# AutoGluon: How To Get The Same Performance With Only 5% of Your Features

In this tutorial we illustrate using 38 real-world regression and classification problems that, thanks to the `kxy` package, you can achieve the same AutoGluon performance or better, with only 5% of features.

## Necessary Imports

In [1]:
import os
import json
import logging
logging.basicConfig(level=logging.WARNING)

import pandas as pd
import numpy as np

from sklearn.model_selection import train_test_split
from sklearn.metrics import accuracy_score, r2_score, mean_squared_error, roc_auc_score

from kxy_datasets.regressions import all_regression_datasets
from kxy_datasets.classifications import all_classification_datasets

from kxy.learning import get_autogluon_learner
from kxy.misc.predictors import NaivePredictor
from kxy.learning.leanml_predictor import LeanMLPredictor

## The Basic Function To Load/Train/Save A Compressed Version of Your Model

In [2]:
def train_model(train_features_df, target_column, problem_type, learner_func, \
                feature_selection_method, path):
    '''
    Train a custom model with or without feature compression.
    '''
    cls = LeanMLPredictor if feature_selection_method == 'leanml' else NaivePredictor
    try:
        # First try to load the model from disk
        predictor = cls.load(path, learner_func)
    except:
        try:
            # Train the model from scratch if it is not found from disk
            results = train_features_df.kxy.fit(target_column, learner_func, \
                problem_type=problem_type, feature_selection_method=feature_selection_method, \
                path=path)
        except:
            # Some models do not like NAs
            train_features_df = train_features_df.dropna(axis=0)
            results = train_features_df.kxy.fit(target_column, learner_func, \
                problem_type=problem_type, feature_selection_method=feature_selection_method, \
                path=path)
        predictor = results['predictor']
        
        # Save the trained model to disk
        predictor.save(path)
    
    return predictor

## Some Utility Functions To Run Experiments

In [3]:
os.makedirs('./cache/', exist_ok=True)

# Utility functions
def regression_benchmark(learner_func, model_name):
    '''
    Run all regression experiments for a given model.
    '''
    try:
        with open('./cache/%s_regression_benchmark_perfs.json' % model_name, 'r') as f:
            perfs = json.load(f)
    except:
        perfs = {}

    try:
        with open('./cache/%s_regression_benchmark_n_features.json' % model_name, 'r') as f:
            n_features = json.load(f)
    except:
        n_features = {}
        
    try:
        with open('./cache/regression_n_rows.json', 'r') as f:
            n_rows = json.load(f)
    except:
        n_rows = {}

    for dataset_cls in all_regression_datasets:
        print()
        print('Dataset: %s' % dataset_cls.__name__)
        dataset = dataset_cls()
        target_column = dataset.y_column
        dataset_name = dataset.name
        perfs[dataset_name] = perfs.get(dataset_name, {})
        n_features[dataset_name] = n_features.get(dataset_name, {})
        df = dataset.df
        n_rows[dataset_name] = df.shape[0]

        # Features generation
        features_df = df.kxy.generate_features(entity=None, max_lag=None, entity_name='*', \
            exclude=[target_column])
        train_features_df, test_features_df = train_test_split(features_df, test_size=0.2, \
            random_state=0)
        test_labels_df = test_features_df.loc[:, [target_column]]
        test_features_df = test_features_df.drop(target_column, axis=1)
        
        print('%s %d Features, Target: %s' % (dataset_name, train_features_df.shape[1]-1, target_column))
        
        # LeanML vs.
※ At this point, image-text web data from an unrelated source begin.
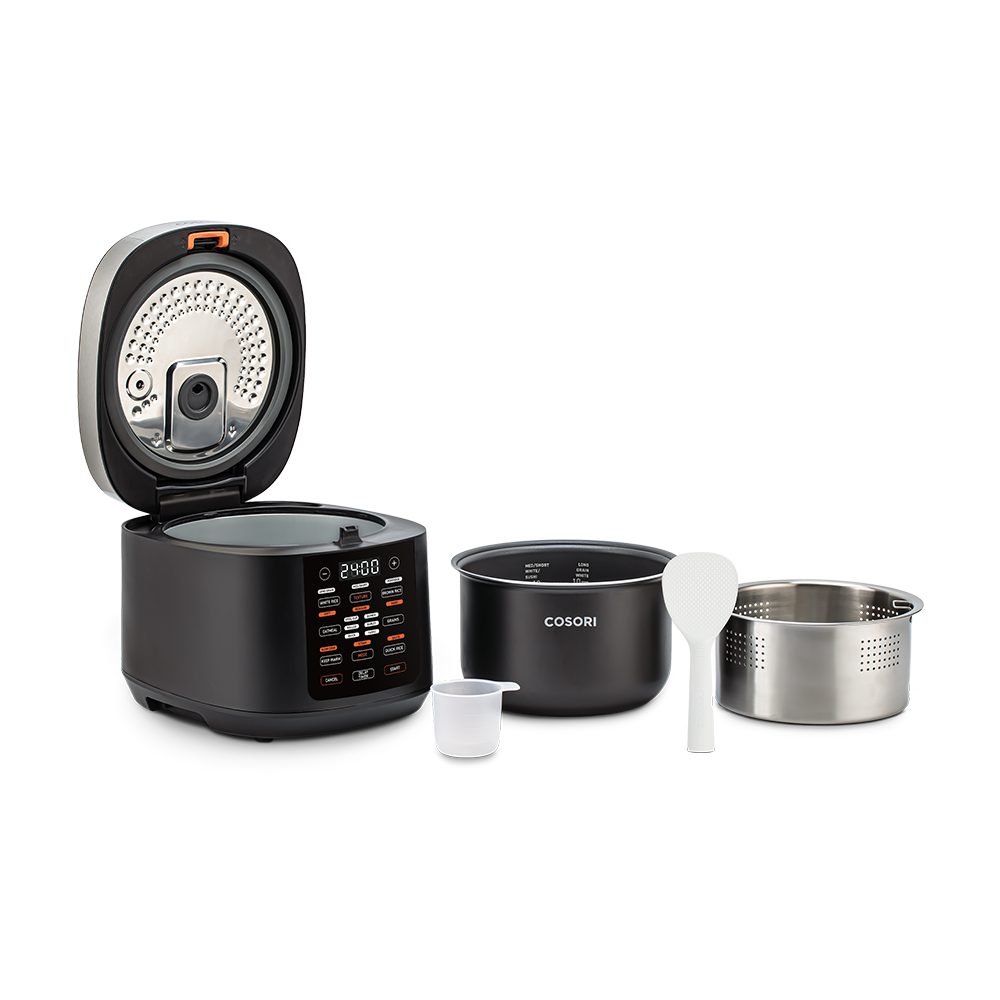 Cosori Rice Cooker displayed with all included accessories: inner pot, steam basket, paddle, and cup.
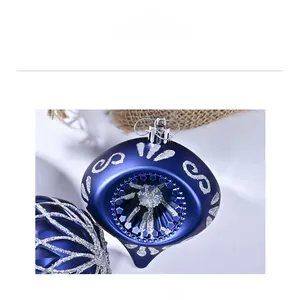 Macro shot of 8cm royal blue Christmas ornaments with silver glitter grid patterns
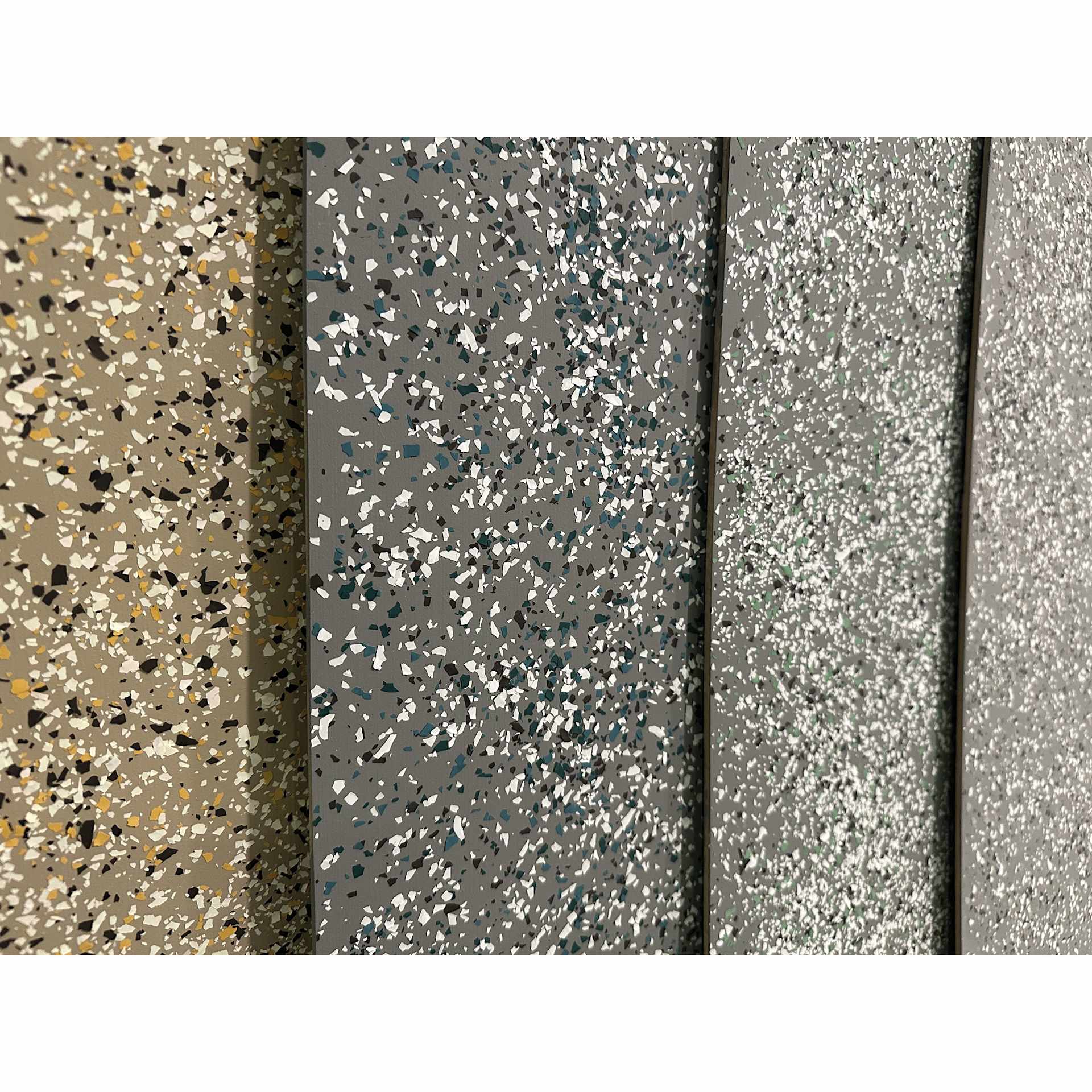 Fleur Terrazzo Effect Flakes on different colored backgrounds and broke in different coarseness.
No Feature Seletion
        dataset_performance = perfs[dataset_name].copy()
        dataset_n_features = n_features[dataset_name].copy()
        path = './cache/%s-%s-regression-benchmark.sav' % (model_name, dataset_name)
        
        for feature_selection_method in ['leanml', 'none']:
            # Training
            predictor = train_model(train_features_df, target_column, 'regression', learner_func, \
                feature_selection_method, path)                    
            n_selected_features = len(predictor.selected_variables)

            # Evaluation
            try:
                try:
                    test_predictions_df = predictor.predict(test_features_df)
                except:
                    nan_features = test_features_df.isna().any(axis=1)
                    test_features_df = test_features_df.loc[np.logical_not(nan_features), :]
                    test_predictions_df = predictor.predict(test_features_df)
                    test_labels_df = test_labels_df.loc[np.logical_not(nan_features), :]

                perf = r2_score(\
                    test_labels_df[target_column].values, \
                    test_predictions_df[target_column].values)
            except:
                logging.exception('Somthing bad happened')
                perf = 0.0
                
            print('%s, Feature Selection Method: %s --- R-Squared: %.2f, Number of Selected Features: %d' % (\
                dataset_name, feature_selection_method, perf, n_selected_features))
            
            dataset_performance[feature_selection_method]=float(perf)
            dataset_n_features[feature_selection_method]=int(n_selected_features)
            
        perfs[dataset_name]=dataset_performance.copy()
        with open('./cache/%s_regression_benchmark_perfs.json' % model_name, 'w') as f:
            json.dump(perfs, f)

        n_features[dataset_name]=dataset_n_features.copy()
        with open('./cache/%s_regression_benchmark_n_features.json' % model_name, 'w') as f:
            json.dump(n_features, f)

        with open('./cache/regression_n_rows.json', 'w') as f:
            json.dump(n_rows, f)


def classification_benchmark(learner_func, model_name):
    '''
    Run all classification experiments for a given model.
    '''
    try:
        with open('./cache/%s_classification_benchmark_perfs.json' % model_name, 'r') as f:
            perfs = json.load(f)
    except:
        perfs = {}

    try:
        with open('./cache/%s_classification_benchmark_n_features.json' % model_name, 'r') as f:
            n_features = json.load(f)
    except:
        n_features = {}
        
    try:
        with open('./cache/classification_n_rows.json', 'r') as f:
            n_rows = json.load(f)
    except:
        n_rows = {}

    # LeanML
    for dataset_cls in all_classification_datasets:
        print()
        print('Dataset: %s' % dataset_cls.__name__)
        dataset = dataset_cls()
        target_column = dataset.y_column
        dataset_name = dataset.name
        perfs[dataset_name] = perfs.get(dataset_name, {})
        n_features[dataset_name] = n_features.get(dataset_name, {})
        df = dataset.df
        n_rows[dataset_name] = df.shape[0]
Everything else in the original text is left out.